Standardized: 28.24 (26.25) MSE


#### You can see if we increase n_folds dropping the error by 10 thousand squared dollars because in n_folds=10, we have very less data to test and more data to train so error decreased.

### Evaluate a Deeper Network Topology

One way to improve the performance a neural network is to add more layers. This might allow the model to extract and recombine higher order features embedded in the data.

In this section we will evaluate the effect of adding one more hidden layer to the model.
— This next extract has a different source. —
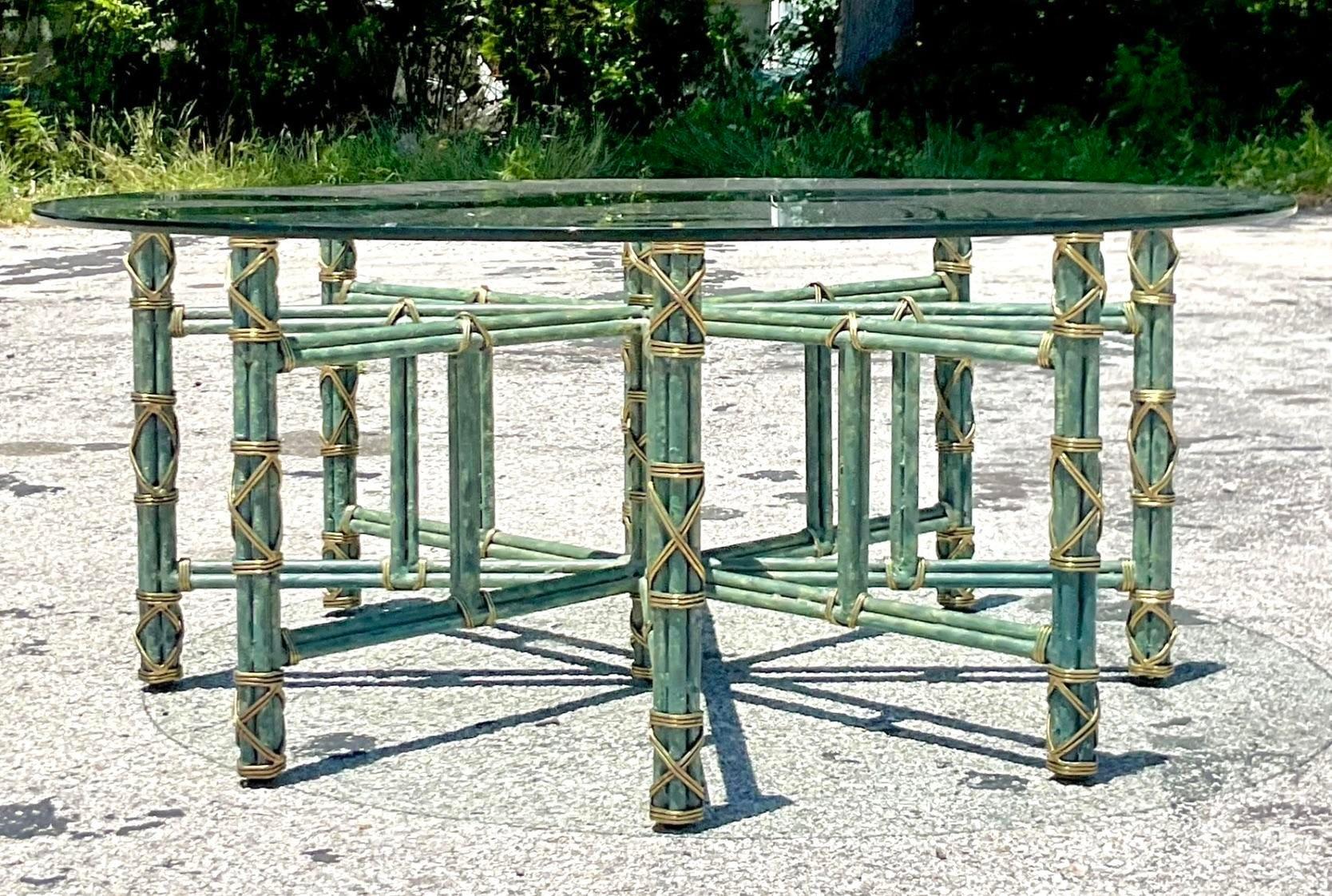 Late 20th Century Vintage Regency Maitland Smith Patinated Coffee Table For Sale 1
This is as easy as defining a new function that will create this deeper model, copied from our baseline model above.

In [29]:
def larger_model():
    # create model
    model = Sequential()
    model.add(Dense(13, input_dim=13, init='normal', activation='relu'))
    model.add(Dense(6, init='normal', activation='relu'))
    model.add(Dense(1, init='normal'))
    # Compile model
    model.compile(loss='mean_squared_error', optimizer='adam')
    return model

In [30]:
# evaluate model with standardized dataset
numpy.random.seed(seed)
estimators = []
estimators.append(('standardize', StandardScaler()))
estimators.append(('mlp', KerasRegressor(build_fn=larger_model, nb_epoch=50, batch_size=5, verbose=0)))
pipeline = Pipeline(estimators)
kfold = KFold(n =X.shape[0] ,n_folds=5, random_state=seed)
results = cross_val_score(pipeline, X, Y, cv=kfold)
print("Standardized: %.2f (%.2f) MSE" % (results.mean(), results.std()))

Standardized: 29.56 (16.22) MSE


### Evaluate a Wider Network Topology

Another approach to increasing the representational capability of the model is to create a wider network.

In this section we evaluate the effect of keeping a shallow network architecture and nearly doubling the number of neurons in the one hidden layer.

Again, all we need to do is define a new function that creates our neural network model.

In [31]:
def wider_model():
    # create model
    model = Sequential()
    model.add(Dense(20, input_dim=13, init='normal', activation='relu'))
    model.add(Dense(1, init='normal'))
    # Compile model
    model.compile(loss='mean_squared_error', optimizer='adam')
    return model

In [32]:
# evaluate model with standardized dataset
numpy.random.seed(seed)
estimators = []
estimators.append(('standardize', StandardScaler()))
estimators.append(('mlp', KerasRegressor(build_fn=wider_model, nb_epoch=50, batch_size=5, verbose=0)))
pipeline = Pipeline(estimators)
kfold = KFold(n =X.shape[0] ,n_folds=5, random_state=seed)
results = cross_val_score(pipeline, X, Y, cv=kfold)
print("Standardized: %.2f (%.2f) MSE" % (results.mean(), results.std()))

Standardized: 35.29 (16.40) MSE


In [33]:
estimators

[('standardize', StandardScaler(copy=True, with_mean=True, with_std=True)),
 ('mlp', <keras.wrappers.scikit_learn.KerasRegressor at 0x10a41dd8>)]

It would have been hard to guess that a wider network would outperform a deeper network on this problem. The results demonstrate the importance of empirical testing when it comes to developing neural network models.

#### Neural network takes much more time when you increase network topology. So, increase the topology if you see a gain in prediction.